-
Notifications
You must be signed in to change notification settings - Fork 24
Description
Bug Description
When running ilab data generate --pipeline simple, the process fails with the following error:
failed to generate data with exception: type object 'StandardPdfPipeline' has no attribute 'download_models_hf'
Environment
InstructLab version: 0.26.1
instructlab-sdg version: 0.8.3
Docling version: 2.61.1 (required >= 2.28.4)
Platform: macOS (also affects other platforms)
Root Cause
The StandardPdfPipeline.download_models_hf() method has been deprecated and removed from StandardPdfPipeline in newer versions of Docling (>= 2.28.4). The method now only exists in LegacyStandardPdfPipeline with a deprecation warning.
According to Docling's deprecation notice, the recommended approach is to use:
docling.utils.model_downloader.download_models() (programmatic)
docling-tools models download (CLI)
Affected Code
File: chunkers.py (line ~142)
from docling.pipeline.standard_pdf_pipeline import StandardPdfPipeline
if self.docling_model_path is None:
logger.info("Docling models not found on disk, downloading models...")
self.docling_model_path = StandardPdfPipeline.download_models_hf()
Proposed Fix
Option 1 (Recommended): Use the new Docling API
from docling.pipeline.standard_pdf_pipeline import StandardPdfPipeline
from docling.utils.model_downloader import download_models
if self.docling_model_path is None:
logger.info("Docling models not found on disk, downloading models...")
self.docling_model_path = download_models(output_dir=None, force=False, progress=False)
Option 2 (Temporary): Use LegacyStandardPdfPipeline
from docling.pipeline.legacy_standard_pdf_pipeline import LegacyStandardPdfPipeline
if self.docling_model_path is None:
logger.info("Docling models not found on disk, downloading models...")

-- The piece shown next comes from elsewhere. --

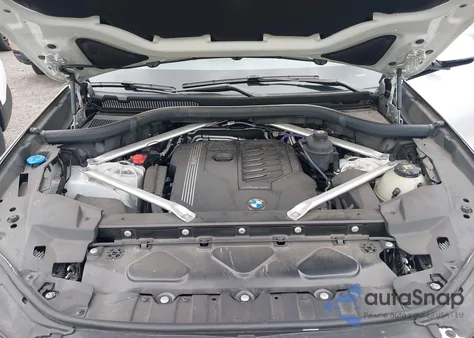 2022 BMW X6 xDrive40I from USA, damaged, VIN 5UXCY6C00N9K75129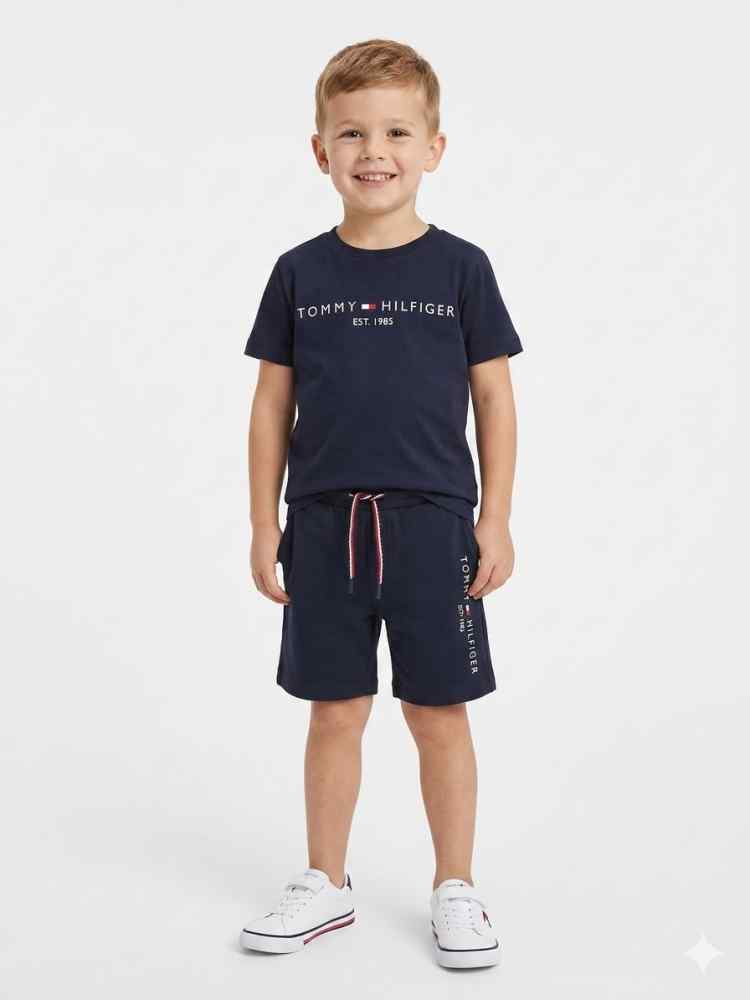 Tommy Hilfiger Blue Premium Quality Kids Co-ord Set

self.docling_model_path = LegacyStandardPdfPipeline.download_models_hf()
Steps to Reproduce
Install InstructLab with Docling >= 2.28.4
Set up a taxonomy with knowledge documents
Run ilab data generate --pipeline simple
Observe the error
Impact
This bug prevents users from generating synthetic training data, blocking the entire InstructLab workflow for knowledge-based model fine-tuning.
Workaround
Manually patch the file at: chunkers.py with the proposed fix above.